Search code examples
sqloraclecaselistagganalytic-functions

listagg produces ORA-01489 if used as window function in conditional expression


My query returns many (thousands of) rows. Column l has certain value for very small amount of rows (up to 10). For each such row I want to output aggregated comma-separated values of very short (up to 5 chars) varchar column v over all of these rows. For rows not having the special value of l I want to simply output the v value for that row.

Synthetized example of same problem: from first 10000 integers, I want to output 1,2,3,4,5,6,7,8,9 for each single-digit number; that number for multiple-digit number. (Yes, silly example but real case makes sense.)

with x (v,l) as (
  select to_char(level), length(to_char(level)) from dual connect by level <= 10000
)
select case l
         when 1 then listagg(v,',') within group (order by v) over (partition by l)
         else v
       end
from x
order by 1;

The problem is, listagg function fails on ORA-01489: result of string concatenation is too long error.

I am aware of 4000 char limit of listagg function as well as xmlagg-based workaround. I just don't get the limit is enough for data I want to concatenate even though not enough for all data. In example above, the partition of 9 single-digit numbers fits into 4000 chars, the partition of 9000 four-digit numbers not. I expected the case expression would prevent execution of window for unrelated rows but, for some reason, it seems the db engine evaluates window for all rows. (Also note that order by clause causes query to fail-fast - without it some rows are returned before failure.)

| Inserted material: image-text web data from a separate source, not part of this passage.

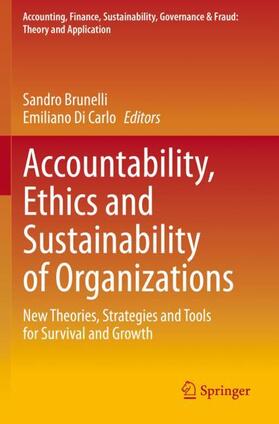 Di Carlo / Brunelli | Accountability, Ethics and Sustainability of Organizations | Buch | 978-3-030-31195-7 | sack.de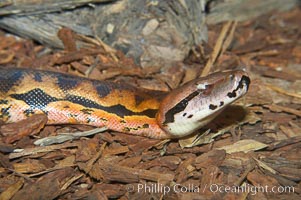 Malagasy ground boa.  The ground boa is the largest boa species in Madagascar, reaching 10 feet (3m) in length.  Its coloration provides excellent camouflage amid rocks, logs and bushy thickets.  It is mainly nocturnal, hunting birds and small mammals, Acrantophis madagascariensis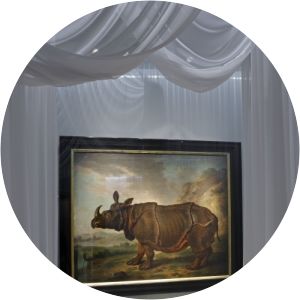 Jan Albert Sichterman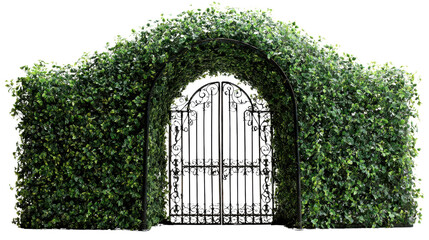 Fototapeta premium Archway covered in lush green ivy with a wrought iron gate, white isolated background.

Can you please explain some reasoning for this behaviour? I suspect the window computation is logically before select clause but without any evidence. Reproduced on Oracle 11g, 18c and 19 (livesql).


Solution

  • Well you are using SQL which is not procedural, so you can't expect that some parts of the code path will not be executed, only because they are not used. (So filling a bug as other suggested will have no success).

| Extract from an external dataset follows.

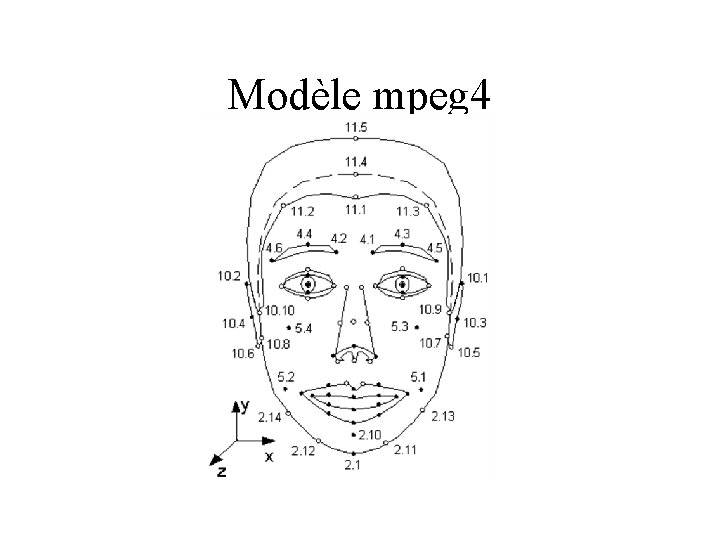 Modèle mpeg 4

    Anyway you can do the often used trick based on the fact that listagg ignores null values.

    So this formulation works fine:

    with x (v,l) as (
      select to_char(level), length(to_char(level)) from dual connect by level <= 10000
    )
    select   nvl(listagg(case when l = 1 then v end,',') within group (order by v) over (partition by l),v) lst
    from x
    order by 1;
    

    giving

    LST
    ------------------
    1,2,3,4,5,6,7,8,9
    1,2,3,4,5,6,7,8,9
    ..
    10
    100
    1000
    10000
    

    The explanation of the problem can be found in the execution plan (showing only the relevant part)

    ----------------------------------------------------------------------------------------
    | Id  | Operation                       | Name | Rows  | Bytes | Cost (%CPU)| Time     |
    ----------------------------------------------------------------------------------------
    |   0 | SELECT STATEMENT                |      |     1 |    35 |     4  (50)| 00:00:01 |
    |   1 |  SORT ORDER BY                  |      |     1 |    35 |     4  (50)| 00:00:01 |
    |   2 |   WINDOW SORT                   |      |     1 |    35 |     4  (50)| 00:00:01 |
    |   3 |    VIEW                         |      |     1 |    35 |     2   (0)| 00:00:01 |
    |*  4 |     CONNECT BY WITHOUT FILTERING|      |       |       |            |          |
    |   5 |      FAST DUAL                  |      |     1 |       |     2   (0)| 00:00:01 |
    ----------------------------------------------------------------------------------------
    ...
    Column Projection Information (identified by operation id):
    -----------------------------------------------------------
     
       1 - (#keys=1) CASE "L" WHEN 1 THEN LISTAGG("V",',') WITHIN GROUP ( ORDER BY 
           "V") OVER ( PARTITION BY "L") ELSE "V" END [4000]
       2 - (#keys=2) "L"[NUMBER,22], "V"[VARCHAR2,40], LISTAGG("V",',') WITHIN 
           GROUP ( ORDER BY "V") OVER ( PARTITION BY "L")[4000]
       3 - "V"[VARCHAR2,40], "L"[NUMBER,22]
       4 - LEVEL[4]
    

    So in the line 2 the listagg is calculated (for all rows) only to be filtered in the line 1.